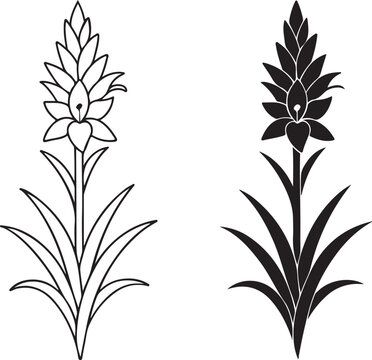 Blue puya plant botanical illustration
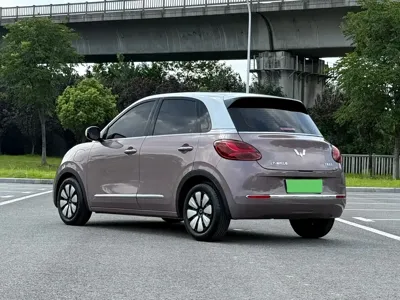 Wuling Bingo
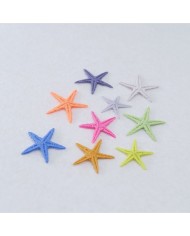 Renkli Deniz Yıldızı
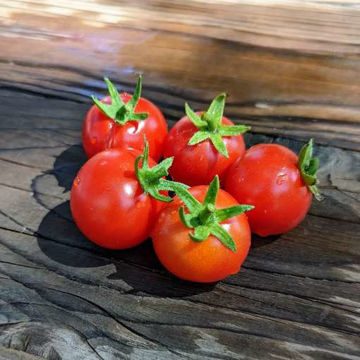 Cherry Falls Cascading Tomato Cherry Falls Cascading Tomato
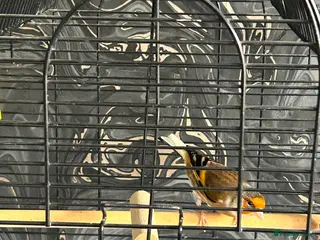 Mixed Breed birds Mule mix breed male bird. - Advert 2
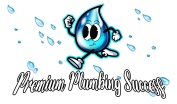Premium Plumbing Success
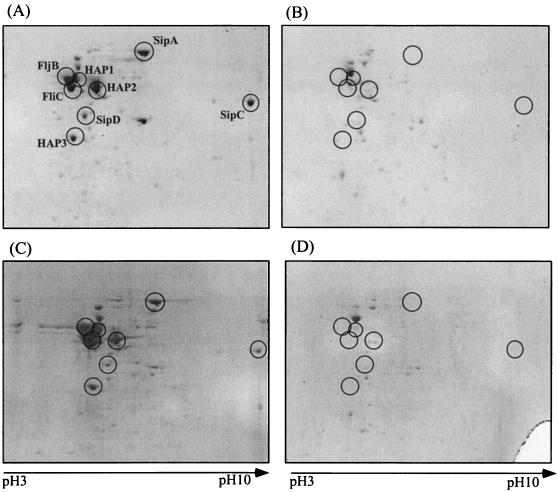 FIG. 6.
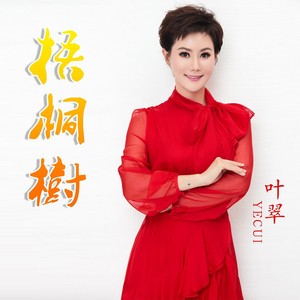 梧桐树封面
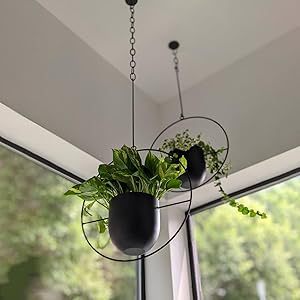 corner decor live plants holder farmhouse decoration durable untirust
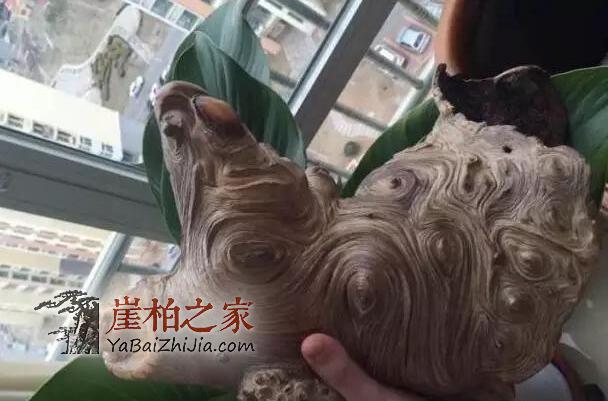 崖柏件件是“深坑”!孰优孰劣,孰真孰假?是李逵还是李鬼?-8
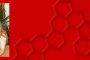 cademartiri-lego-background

__WORK ITEM__:
Retype exactly, please, the span from the line holding "corner decor live" through the closing line of the data, both ends included, without the pictures.

__SOLUTION TO THE EXERCISE__:
 corner decor live plants holder farmhouse decoration durable untirust
 崖柏件件是“深坑”!孰优孰劣,孰真孰假?是李逵还是李鬼?-8
 cademartiri-lego-background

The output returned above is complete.